Ori secures your clouds environments with zero-trust microsegmented networks and secure secret management.

The only successful way to improve the security of any system is through “security in depth”, meaning the security of any application deployment depends on a number of factors, and only by addressing each of these factors holistically can a high level of security be achieved.

These factors include:

  1. Preventing unwanted actors from intercepting internal communication.
  2. Preventing privilege escalation by ensuring that only those that need to communicate, can communicate.
  3. Preventing disclosure of confidential data, such as credentials, by applying clear and effective processes for secure data handling.

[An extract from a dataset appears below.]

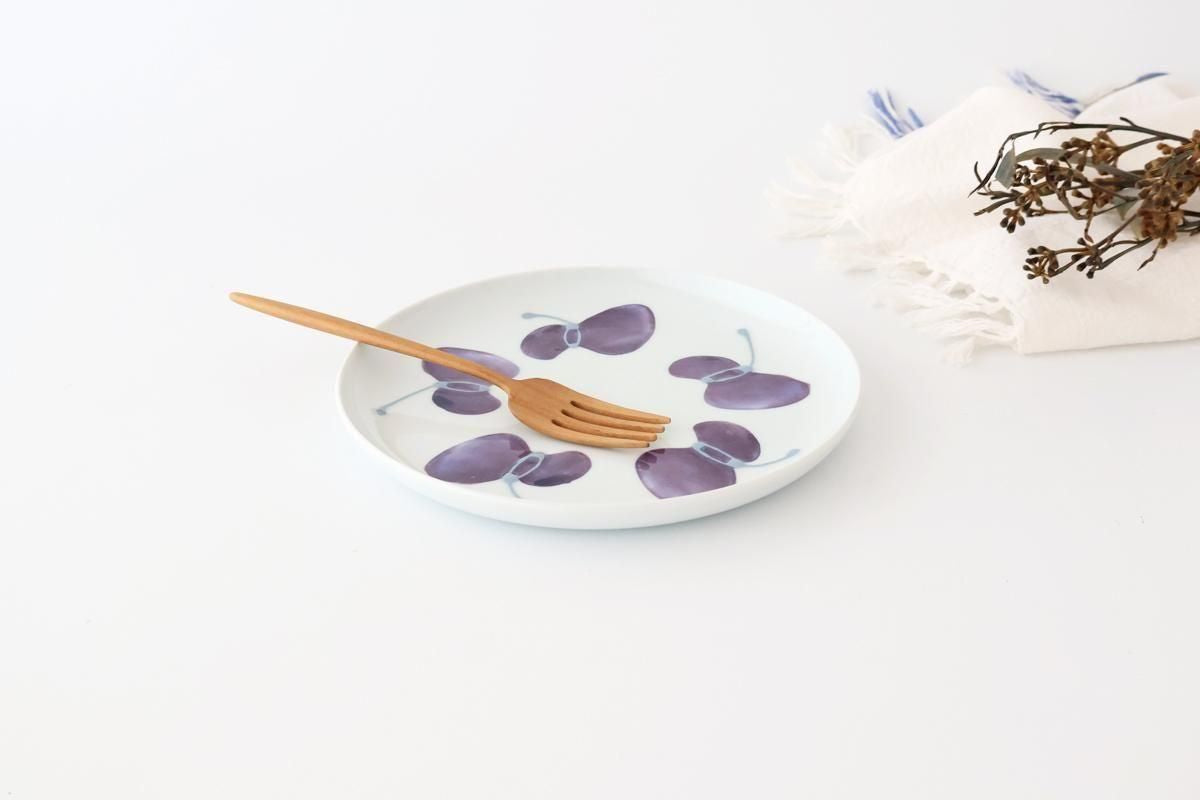 Round Plate Caciocavallo Purple Medium | Hasami Ware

Ori provides security by default through the combination of three core capabilities, enabled for all users:

  1. Transmission security
  2. Fine-grained data access-control policy
  3. Simple, secure credential management

Transmission Security

Rather than describing each container that makes up a complex application individually in isolation, Ori makes it simple to define not only the containers, but also the required communication paths between the containers when they are deployed as part of one complete package.  When a packaged application is deployed with the Ori orchestrator, this intercommunication information is used to deploy a bespoke virtual private network (VPN) between each of the containers, wherever the containers are deployed.

This VPN is application-centric, meaning that data that flows between the containers is encrypted such that it is only understandable to the containers of a particular deployment, and other processes on the same clusters will be unable to decrypt the data.  This applies to not only other workloads deployed on the cluster, but even containers belonging to other deployments of the same application, as the cryptographic key material is unique per deployment.

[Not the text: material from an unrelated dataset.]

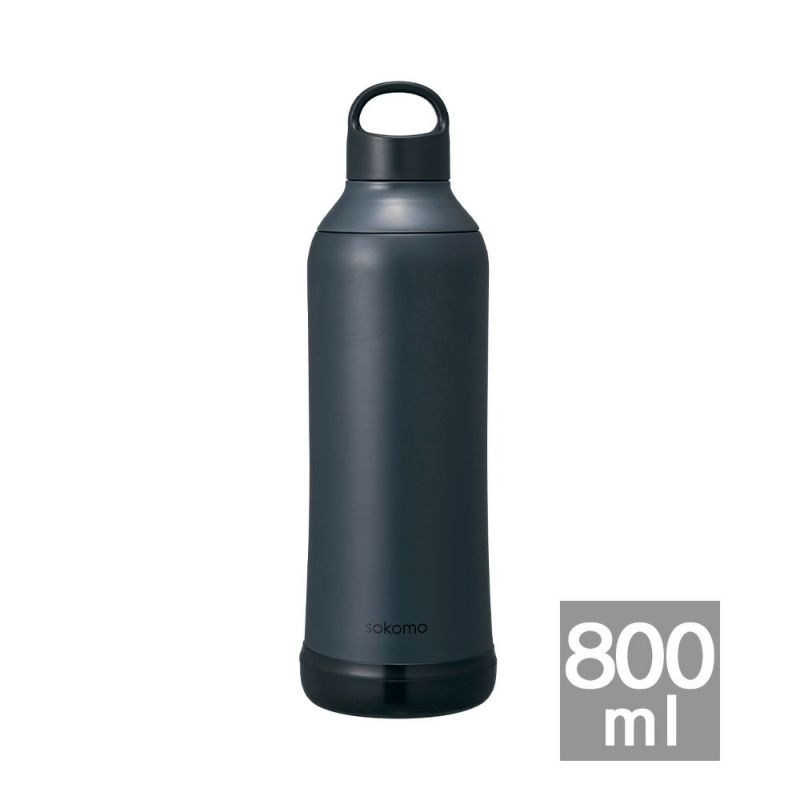 【マイボトルスティック3本付き】そこまで洗えるボトル800ml ブラック ※11/12〜18より順次発送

The secure VPN technology allows containerised workloads deployed by Ori to become cluster-agnostic, as the communication can be allowed to flow between clusters via unsecured networks or the public Internet, in globally diverse regions, without risk of interception or reliance on a particular infrastructure technology.  This allows applications to be deployed in a multi-cluster, multi-cloud manner, without complex, brittle network security configuration.

Fine-grained data access-control policy

As part of the description of the intercommunication between workloads described above, the user is required to specify not only which containers in their application may talk to each other, but also the exact details of that communication, e.g. which IP family, protocol, protocol ports are used.

This explicit description of the required communication is used by the Ori orchestrator to build a security policy that is applied when the application is deployed, ensuring that not only are containers only able to talk to each other, but enforcing that communication to be only what has been explicitly allowed.

This fine-grained access-control applies a high-performance ‘firewall’ between every container in the application, ensuring that not only is the expected behavior followed, but if a fault in any part of the application results in compromise, that compromise is not able to exploit other containers through unrestricted side-channels.

Simple, secure credential management

It is well understood that the more complex something is to do, the more likely mistakes are made, and when it comes to the handling of sensitive information such as passwords, these mistakes can be costly.

Ori provides a clear and simple way to manage the secure handling of any confidential data required by an application when it is deployed, fully integrated with the native Kubernetes “Secrets” subsystem, without requiring the users to have deep knowledge of implementation details.

All confidential material is held securely by Ori between deployments, and the platform’s role-based access control allows groups of users to manage the configuration and deployment of applications that need confidential data, while permitting a different user group to access the confidential data itself.  In this way, the value of confidential information is clearly separated from the use of the confidential data, avoiding the accidental manipulation or disclosure of the data.